Forty percent of all plastics manufactured these days is for packaging, most of it disposed of within minutes after opening it. Globally, just 9% of plastics get recycled. Both waste and production are on the rise: Present-day, 276 million metric tonnes of plastics are being produced annually and will reach 600 million metric tonnes in 2040. It is projected that in 2040 only 14% will be recycled.
Those are abstract numbers. Often it helps to make issues visually alive, like in the video below. It illustrates one issue that humans have on our planet by showing the impact of plastic bottles. Do you have a clue how many plastic bottles are produced globally and what that number looks like in real time, second by second? You’ll be stunned.
Additionally there is a destructive symbiotic relationship between the beverage and fashion industries. Brands are marketing recycled polyester clothes with sustainability as their USP to consumers, who think that they buy new clothes made from recycled old clothes. But recycled polyester is not made from polyester fabric, it is made from single-use PET bottles. This confuses the ordinary consumers outside of the fashion sustainability bubble, as typically the common understanding of the word polyester is a type of fabric and not a plastic.

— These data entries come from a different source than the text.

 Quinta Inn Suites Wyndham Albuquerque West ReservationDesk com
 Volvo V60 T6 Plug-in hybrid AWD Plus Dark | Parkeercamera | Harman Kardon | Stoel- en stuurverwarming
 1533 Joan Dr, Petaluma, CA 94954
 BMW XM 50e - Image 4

The demand for recycled polyester goes hand-in-hand with a dependence on single-use PET bottles. This is paradoxical, as the target customers for recycled polyester are eco-conscious consumers, who may have a dislike for single-use plastics and try to avoid them.
Once PET bottles are taken as feedstock for clothing, they head into a dead end. Because the polyester is bound in these clothes and cannot be recycled. There is currently no technology scaled up enough to take these fabrics and return them to virgin quality polyester so they can be used again. The value of the material is stuck in the clothing. And once it has reached its end-of-life, it will end up in landfill. This will only change when sufficient numbers of molecular recycling technologies are scaled up.
To round this up, here are a few more staggering numbers. Coke alone produces over 120 billion single use plastic bottles each year. In 2018 the recycling rate of PET bottles in Norway was 97 percent, making it a world leader in recycling. In comparison, the recycling rate of these plastic bottles in the United States was just 29 percent. In the European Union it was 58% and in India 80%.
The beverage and fashion industry compete with one another on a limited resource and only one industry can keep that plastic circulating: the beverage industry.